Input material Block Start

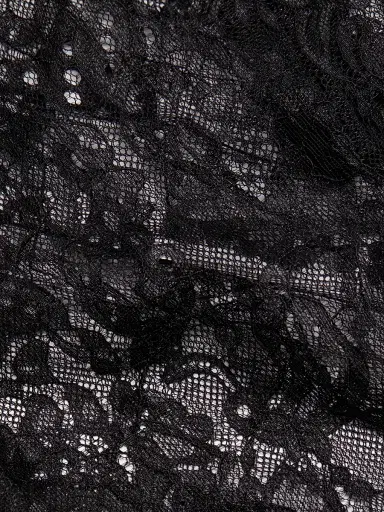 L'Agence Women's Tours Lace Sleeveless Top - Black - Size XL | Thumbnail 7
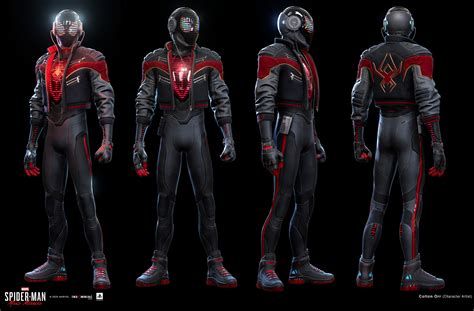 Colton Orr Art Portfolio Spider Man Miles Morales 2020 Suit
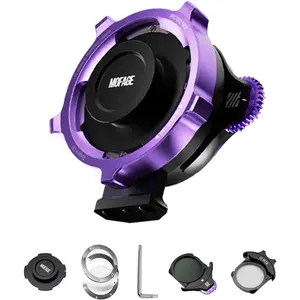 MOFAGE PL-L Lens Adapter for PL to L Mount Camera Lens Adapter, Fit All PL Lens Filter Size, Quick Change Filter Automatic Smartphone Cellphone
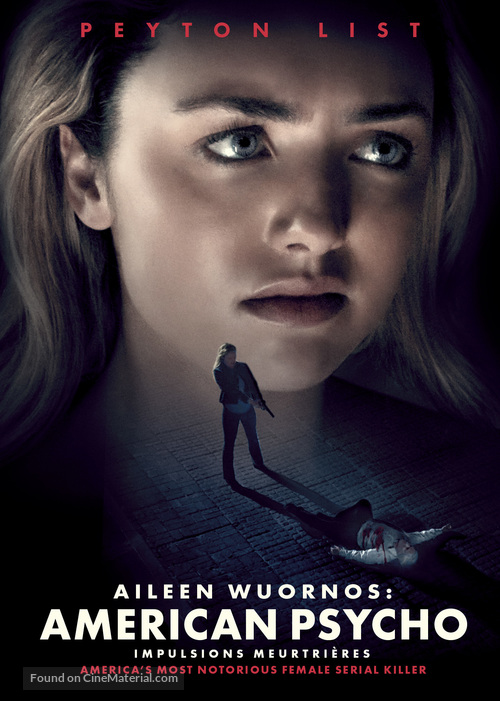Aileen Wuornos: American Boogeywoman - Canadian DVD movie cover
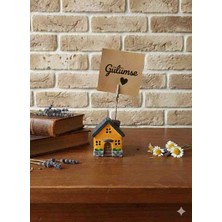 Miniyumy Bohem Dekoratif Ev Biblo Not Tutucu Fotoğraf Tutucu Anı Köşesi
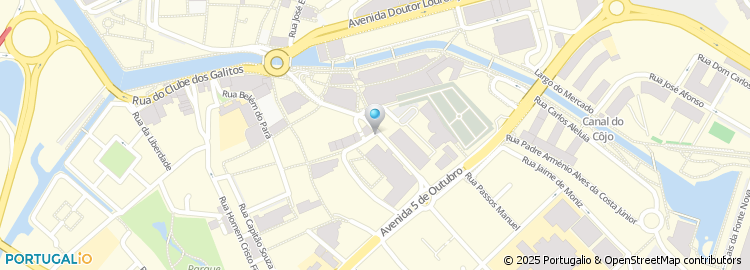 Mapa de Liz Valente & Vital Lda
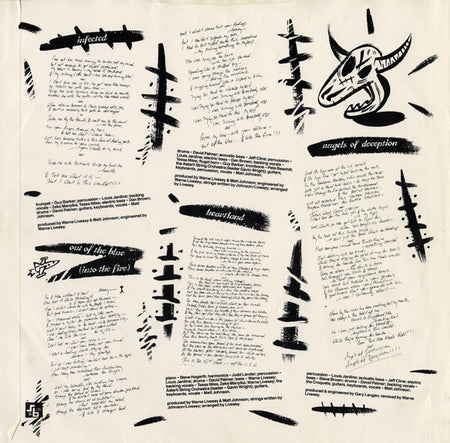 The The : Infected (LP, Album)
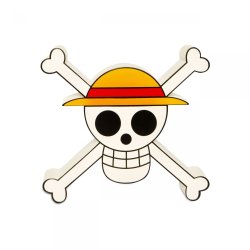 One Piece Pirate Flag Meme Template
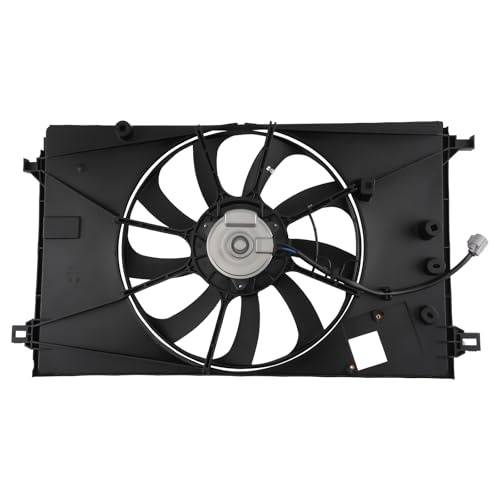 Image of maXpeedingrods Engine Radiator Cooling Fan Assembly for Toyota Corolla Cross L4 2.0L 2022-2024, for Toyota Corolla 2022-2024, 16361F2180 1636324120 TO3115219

Input material Block End

Only an exact copy of the records, free of images, belongs in the answer.

> Completed exercise
 L'Agence Women's Tours Lace Sleeveless Top - Black - Size XL | Thumbnail 7
 Colton Orr Art Portfolio Spider Man Miles Morales 2020 Suit
 MOFAGE PL-L Lens Adapter for PL to L Mount Camera Lens Adapter, Fit All PL Lens Filter Size, Quick Change Filter Automatic Smartphone Cellphone
Aileen Wuornos: American Boogeywoman - Canadian DVD movie cover
 Miniyumy Bohem Dekoratif Ev Biblo Not Tutucu Fotoğraf Tutucu Anı Köşesi
 Mapa de Liz Valente & Vital Lda
 The The : Infected (LP, Album)
 One Piece Pirate Flag Meme Template
 Image of maXpeedingrods Engine Radiator Cooling Fan Assembly for Toyota Corolla Cross L4 2.0L 2022-2024, for Toyota Corolla 2022-2024, 16361F2180 1636324120 TO3115219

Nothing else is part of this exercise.